In recent years, Hal had been a co-star in his own book, sharing time with Simon Baz and, more importantly, Sinestro. In Green Lantern #20, Sinestro finally found his redemption. Sinestro, the eternal foil for Jordan, aided Hal in his battle against Valthoom and the Guardians by reviving his own Corps of fear mongers. It was a worthy conclusion for the villain that had driven Johns’ run to its ultimate heights. Shockingly, Sinestro displays a new found altruism that actually serves a double purpose in redeeming the Guardians.As fans said farewell to the writer they so admired, Johns said goodbye to his characters, all of them. Every one of his creations got a last moment to shine. Every spectrum was present to remind readers of their special place within the DC Universe, but the most heartfelt moments of farewell were reserved for the five human Lanterns. Through the story device of a flash forward to the future of the Corps, a Lantern recruit learns the fate of each human Green Lantern from a cloaked Lantern historian. Through these devices, Johns explores what each character meant to the Lantern mythos, Guy as the warrior, John as the builder, Kyle as the keeper of the flame, and Simon as the miracle worker. Of course the book’s last moments were reserved for Hal and Sinestro, as they both live happily ever after. Not many stories have the guts to let the villain get the happily ever after, but Johns run was never what one would call typical. He even succeeds in bringing back G’nort, a silly character noticeably absent from this entire run, and like everything he touched previously, even the introduction of G’nort worked.

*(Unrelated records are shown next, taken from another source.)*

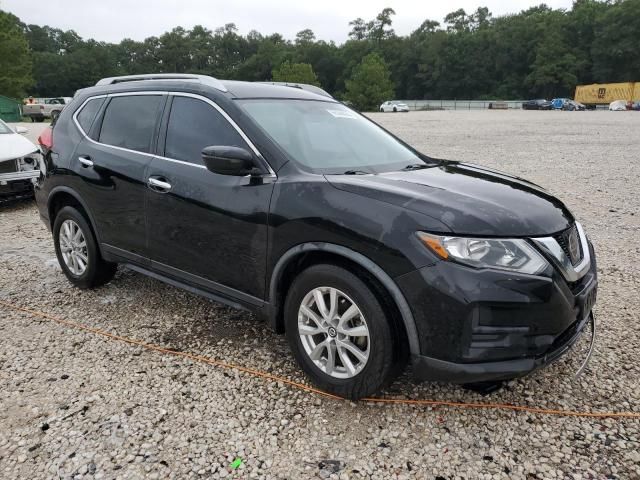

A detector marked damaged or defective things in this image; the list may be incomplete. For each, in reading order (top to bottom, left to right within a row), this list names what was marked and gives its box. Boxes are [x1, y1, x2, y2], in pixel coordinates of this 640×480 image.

damaged vehicle [0, 121, 41, 202]
damaged vehicle [35, 74, 596, 398] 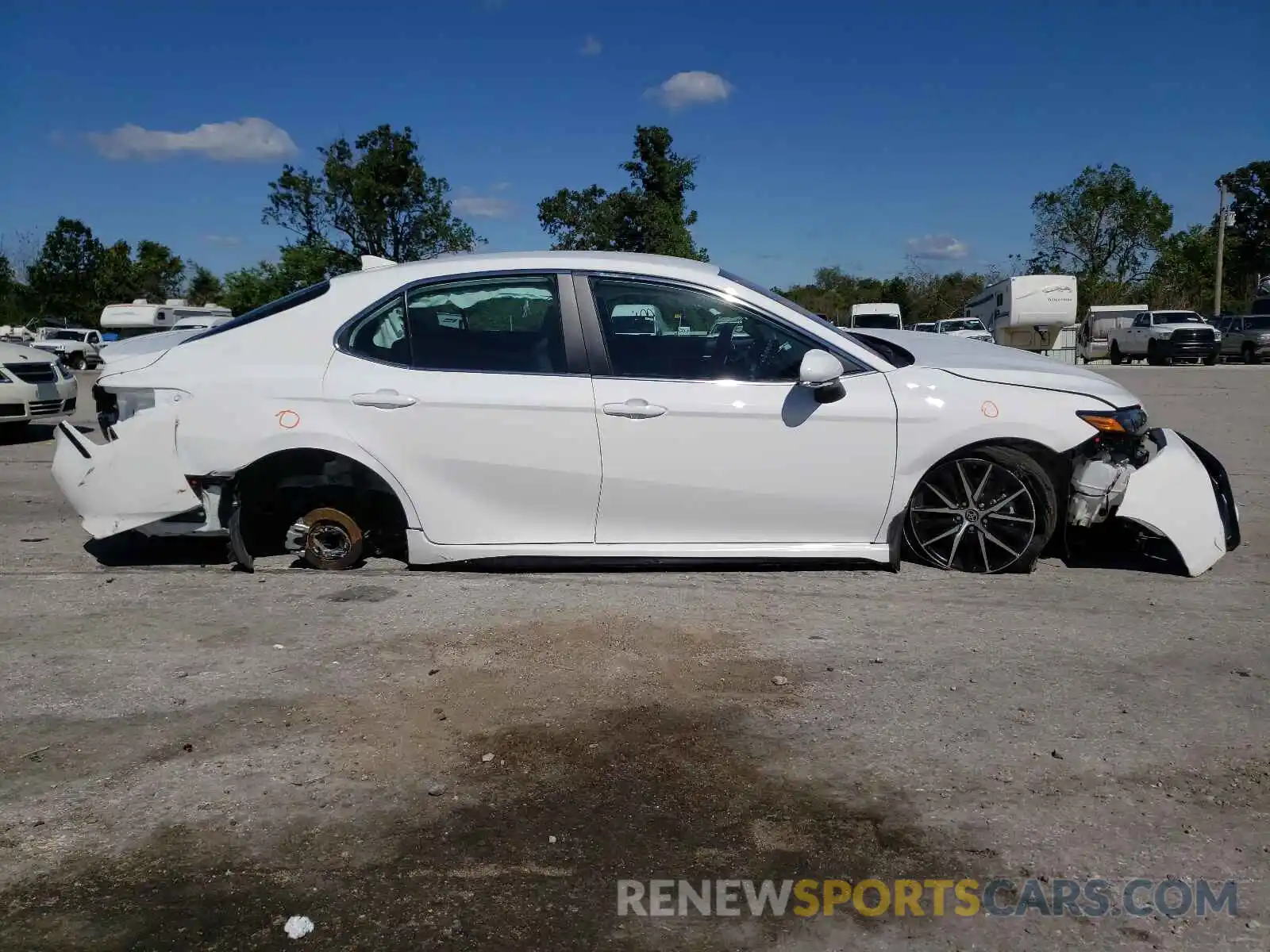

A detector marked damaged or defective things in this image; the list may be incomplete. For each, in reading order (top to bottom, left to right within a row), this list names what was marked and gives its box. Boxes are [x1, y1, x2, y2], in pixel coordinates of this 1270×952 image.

damaged white car [52, 251, 1239, 574]
car's front bumper damaged [1067, 428, 1234, 578] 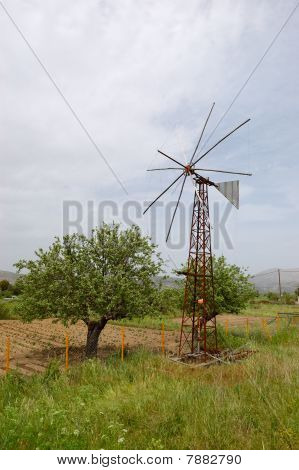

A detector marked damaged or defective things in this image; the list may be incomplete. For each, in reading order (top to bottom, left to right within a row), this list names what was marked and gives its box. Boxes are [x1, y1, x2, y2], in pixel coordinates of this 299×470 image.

rusty windmill [144, 103, 252, 356] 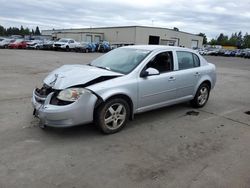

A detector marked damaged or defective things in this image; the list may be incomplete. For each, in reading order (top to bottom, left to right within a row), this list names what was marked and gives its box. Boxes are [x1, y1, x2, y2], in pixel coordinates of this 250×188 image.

crumpled hood [44, 64, 124, 89]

A proper farewell cannot be bid to the Geoff Johns era without a mention of Peter Tomasi. In Green Lantern Corps, first Dave Gibbons and later, Peter Tomasi picked up on Johns’ myth creation and ran with it. Tomasi in particular, was an invaluable partner to Johns who provided a perfect voice to deeply explore John’s ideas. In Tomasi’s Green Lantern Corps, readers were able to explore the members that were inspired by Hal’s example. Tomasi made an already huge universe of characters even bigger, providing an outlet for the further exploration of John, Kyle, Guy and the myriad alien Lanterns introduced before and during Johns’ run. Johns and Tomasi would volley story beats back and forth between the titles, myth-building with every hit.While the stories in Green Lantern were big, they were not big enough to explore the ramifications of these universe-altering tales for every member of the extended GL family. Pete Tomasi crafted equally compelling stories about the other Lanterns, all the while exploring and fleshing out alien characters in all the Corps to make the Green Lantern universe even richer. While Johns introduced the Third Army, it was Tomasi’s visceral tone that made them truly terrifying, so when they popped up in Hal’s book, readers know what horrific creatures Hal was up against. After Johns introduced Valthoom, Tomasi explored the monster’s methods and motivations. This was the formula for their entire run, Johns would introduce, and Tomasi would flesh out, all the while guiding the adventures of the Green Lanterns of earth.
It’s rare that two creators end legendary runs that are intertwined together. As new voices come aboard Green Lantern and Green Lantern Corps, it is clear that they will have a legacy to live up to, but with Johns and Tomasi as inspiration, fans can rest assured, that the flame will burn bright. Green Lantern #20 was a fitting farewell from a writer to his characters. Johns says farewell to each of his creations in turn, allowing each their moment to shine and reminding the reader why each one is so amazing. Future writers will look to this run as a guide, utilizing characters and concepts dreamed up in almost a decade of storytelling; let us hope these writers have the creative acumen to add a fraction of what Geoff Johns and Peter Tomasi did to the legacy of Green Lantern.